1997ek cannot match the template unless a time dilation is put
in.

I never agreed that the I band lightcurve did not match the b
band 1995D lightcurve. You agreed with yourself only. In fact
I posted to Bjorn proof that it does match 1995 D on dec 5 or
thereabouts. Heres the quote from my post...

"I plotted out the table data onto a graph. For multiple
measurements on the same day like 50817 or 50819 I average out for
a day average and plot that as one datapoint.(which Knop also does
incidentally) I then have a graph where peak+1 needs to occur at
1 mag less than the highest averaged day peak of 4.65 on day 50817.
This I work out to being 1.8. On the graph the only place this can
occur with available data is between 50835 and day 50846. Calcula-
ting a standard linear decay rate between those two points gives me
1.8 at about day 26. ETcetc for the next reading of peak+2 at 0.74..
......It also happens that the 12 day decay rate matches very closely
the 10 day rate for the restframe low z 1995D lightcurve which
I feel strengthens the validity of my methods . Its no accident
that they match as the `no time dilation` theory predicts it."
Sean

sean wrote:

From: Bjoern Feuerbacher )

So the "each consecutive day" refers to the day when you
start the counting, or what?

Well, that sounds strange. I am by no means an expert on
SN light curves, but I would have thought that the decay is
exponential (because, AFAIK, the light comes from radioactive decay),
i.e. it takes the same amount of time to decay by a certain factor no
matter where one starts the counting.

Maybe but remember you also read 14 days off the graph which matches
my reading of 14.5 and conflictes with Steves 16 days.

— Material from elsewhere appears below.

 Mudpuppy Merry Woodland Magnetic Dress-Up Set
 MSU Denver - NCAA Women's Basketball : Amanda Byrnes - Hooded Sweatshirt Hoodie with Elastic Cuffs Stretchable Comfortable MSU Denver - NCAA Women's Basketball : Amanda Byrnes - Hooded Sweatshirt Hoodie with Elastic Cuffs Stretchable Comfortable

Err, what on earth do these 14 days have to do with the
increase in lightcurve decay time mentioned above?



For the third time I ask: do you have access to Mathematica
or Maple? If yes, I could try to tell you how to do the
fits for yourself.


No I dont sorry. I`ve never heard of them actually.

A pity... :-(

Both are quite good programs for doing standard math tasks.
Do you have any other programming experience? Doing a chi squared
fit by hand is almost impossible.


Then you would have only s instead of s*(1+z) in the formula,
and the result is obvious: the s resulting from the fit would
be proportional to 1+z. It simply can't be another way, due
to the math of the fitting process!


This would only be the case if the universe were expanding.

*sigh* No. No. No.

This is a simple consequence of the *math*. It can not come out
another way! This has nothing to do with the actual physics.
It simply follows logically that if one uses two completely
equivalent fitting procedures for one and the same data, the
result will be the same!


BUT if I am correct and there is no time dilation then you
would have s as roughly constant

No. This simply can not happen! That would be a *mathematical*
impossibility!!!

*Please* try to understand the actual mathematical procedure;
then you will see that for yourself!


and the result a fit
of the restframe template to the data. Anyways you havent
tried the fit nor have I so it seems only speculation
at this point.

No. This is not speculation. This is a *mathematical* *fact*.
As sure as the fact that 2 + 2 = 3 + 1.


You may be interested to hear that I plotted the B and V band
restframe templates used by Knop and supplied as table data
in his and Goldhabers paper.

Huh? What, exactly, did you plot? Which tables? And how?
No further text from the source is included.